息子バッタは大学のキャンパスの近くで、友人達5人と共同生活をしているので、彼がいつ何をしているのか、これまで以上に全く把握できていない。テニスを始めると言っていたので、テニスの試合があったのだろうか。或いは、サッカーの試合、それともマラソン大会だろうか。
すぐに思い浮かぶのは、どれもスポーツのイベントだった。しかし、どれも当たらなかった。
「進路フォーラムです。息子と一緒に見ています。」と、友人は教えてくれた。
えええ?全然聞いていない。友人の息子君はバッタ達が通った学校の、高校2年生。そうか、進路フォーラムの時期なのね。それにしても、息子バッタが進路フォーラムにスピーカーとして登壇するなんて!その事実に先ず驚いてしまった。
人前でバイオリンを弾きたくないとコンサートへの出場を嫌がり、口頭試問は苦手で、近所で知っている人に会っても、ろくに挨拶もしなかった、そんな彼が、母校の進路フォーラムに卒業生として参加している。
その後本人に連絡をしてみると、体調が悪くて準備もあまり出来ず、発表の時はひどく咳込むこともあり、大したプレゼンにならずに申し訳なく思っていたのに、保護者会からお礼にと商品券が送られてきて、ちょっと戸惑っているとのこと。
時間の許す限り卒業生が母校のイベントに無償で貢献することは当然のことで、現役諸君にとって役に立つのであれば喜んで馳せ参じる、という彼の姿勢を目の当たりにし、心震えてしまった。
数日後、フォーラム担当の方が偶々以前からの知り合いであったことから、当日の動画のリンクが送られてきた。確かに咳込むところがあったが、理数系プレパに進学を考えている生徒達に向けて、真摯なアドバイスがなされていて、とても分かりやすくまとめられていた。プレパがいかに楽しかったか、の箇所には笑ってしまったが、コンクールがいかに苦しく、何千人もの学生の問題を解く音、紙をめくる音にすっかり飲まれてしまったことを、これも正直に話していて、心打たれた。
昨年、末娘バッタの進学で本人以上に本当に何が一番彼女にとって良い道なのだろうかと思い悩んでいた時、息子バッタが、悩み続けること、それが人生ではないか、と言ったことを思い出した。

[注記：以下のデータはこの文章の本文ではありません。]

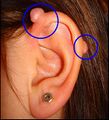 Bad piercings can sometimes lead to keloids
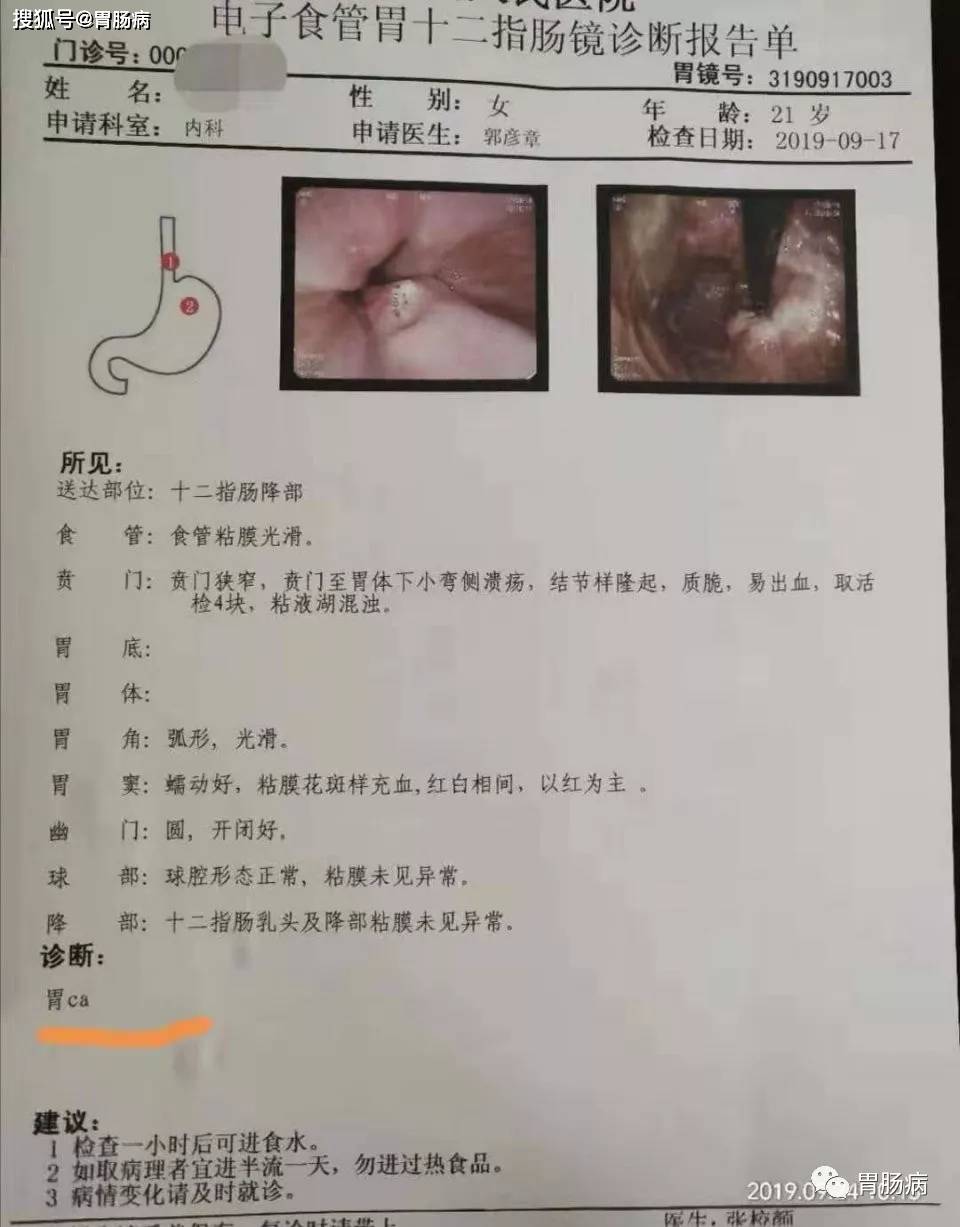 原创我从医以来发现的年龄最小的胃癌——21岁的女大学生!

それでも、選んで前に進んでいく、その繰り返し、それが人生だよね。ママだって、フランスに来なかったら、あの仕事をしていたら、あの時こうしていたら、って悩むことがあるでしょう。それが普通なんだよ。僕も、あの時もう一年プレパをしていたらと思う時があるよ。
その時初めて息子バッタの口から彼の進学について後悔らしき言葉を聞いたが、その言葉は既に苦悩から脱し、達観している者が発する響きとなっていて、目を見張ってしまったことを覚えている。
困難を乗り越え、辛い経験を我が身の血と肉とし、逞しくなってくれている。辛い時期を乗り越えたからこそ見えるものもあり、感じることができるものもある。そして何より、どれだけ彼の言葉で私自身が救われたか!悩むことが当たり前、そうだよね。それでいいんだよね、と。
今日は、そんな彼の23歳の誕生日。おめでとう。君の輝かしい未来に幸多からんことを!